Wow so strange I read this, Ive been watching Senna clips all morning! My Dad got his copy last night. He rang me to say it is very emotional. He is the sole reason for my love of F1 and its never been the same since. Many happy day spent with dad on his knee watching Senna and Mansell slug it out. I think this says it all really - my favorite Senna clip. THE MASTER!!


----------



## ADW (Aug 8, 2010)

^^ WOW ^^ 

:thumb:


----------



## tzotzo (Nov 15, 2009)

In terms of aggressiveness the British guy named Mansell was the most fascinating f1 driver.
There are no words to describe Senna as a person, and that's what is more important to me. Even his biggest rival respected him the most.


----------



## theshrew (May 21, 2008)

Ive only seen part of the film and loved the part ive seen i will be buying the DVD the guy is my hero


----------



## Deano (Jul 7, 2006)

just watched this for the first time. Epic is the best word to use, both for the film and the driver it portrays.

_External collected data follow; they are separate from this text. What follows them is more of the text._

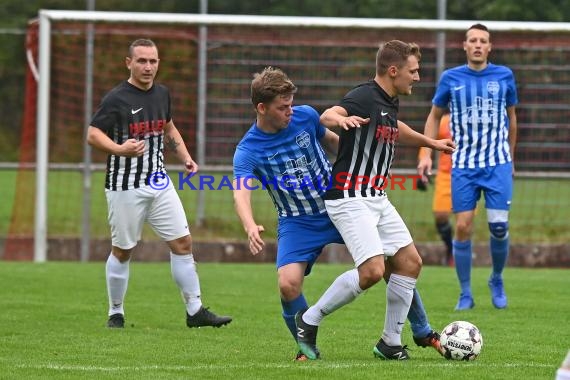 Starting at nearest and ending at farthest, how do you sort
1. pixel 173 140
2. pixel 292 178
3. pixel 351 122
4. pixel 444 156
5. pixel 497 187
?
pixel 351 122, pixel 292 178, pixel 173 140, pixel 497 187, pixel 444 156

You think hamilton is persecuted by the FIA? wait til you watch the film.


----------



## VIPER (May 30, 2007)

Not seen it yet, but I'm going to. I'm old enough (just) to remember watching him race in his latter seasons with McLaren, and can recall _exactly_ where I was when he had his fatal crash.

Pity we never got to see him overcome the early difficulties of the Williams (he would have), and how he would have dealt with the upcoming charge of the then young Schumacher - would have been a fascinating rivallry.


----------



## IanG (Nov 21, 2007)

Got it for my birthday yesterday and just watched and it's a stunning piece of film and well worth a watch for anyone


----------



## andy665 (Nov 1, 2005)

Just finished watching it and must admit to having tears rolling down my cheeks. I followed him from when he first entered F1 and ca say that I watched every GP he competed in.

An incredibly complex, self-assured but humble person. Watching the footage of him before the race started at Imola it was if he knew what was coming - he looked uncomfortable and tense.

A superb film but felt a few things were missing:

1. The Donnington GP opening lap 
2. The 1988 Monaco GP where he drove what has been acknowledged as the closest there has ever been to the perfect lap
3. The image of him sitting on the wall at Imola that was used as the basis of the memorial to him at Imola
4. A mention of his race in a Mercedes 190 2.3-16 to celebrate the opening of the new Nurburgring 
5. A mention of the fact that Prost and Senna finally made their peace at Imola the weekend he died


----------